# Kato vs Atlas track?



## Sally (Mar 13, 2010)

Good evening,

Has anyone done a comparison, pros-cons, of Kato versus Atlas (vs Peco?) sectional track?

As a newbie, I really want to avoid hand-laying track or using flex. (Even soldering looks tough right now!) So, I'd like to know which sectional joins easily, operates well, and lasts.


I need to match Peco Streamline code 55 turnouts that my husband bought for my use.
It's for a very small table-top layout (2 x 2.5). I'll be modeling steam, mid- to late-1800s.

Thank you,
Sally


----------



## Brakeman Jake (Mar 8, 2009)

For your purpose,handlaying track is definitely out as not required in any way.However,I do recommend that you use Peco C55 flex track as it will be the best match to your turnouts,wich are very good if not the best you can get.Installing flextrack is indeed more labour intensive than sectional track but is well worthed it.With sectional,curve radiuses are much more limited while flex allows you to custom fit your curves.

But if you want to go the sectional route,Peco C55 turnouts will accept Atlas C80 sectional track (not Atlas C55) fairly well.I've done it on a test loop and I've only had to file the railheads a little to match the height.Atlas C80 comes in 9 3/4 and 11 inch radius curves (11 in. being the largest you can use on a 24 in. layout) and have a very useful small hole every few ties to nail them down.Atlas C80 are reliable,easy to work with and decently priced.

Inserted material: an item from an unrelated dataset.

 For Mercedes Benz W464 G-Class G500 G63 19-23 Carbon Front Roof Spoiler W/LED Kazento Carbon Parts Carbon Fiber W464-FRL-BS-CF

As far as Peco sectional,I honestly don't know if Peco has them.If they do,I've never worked with them.They'd likely be your best option as they should be perfect fit.The only Kato track I know of is Unitrack,great trackage but definitely not an easy fit to Peco turnouts.Shimming and soldering likely required to fit and these are somewhat pricey.


----------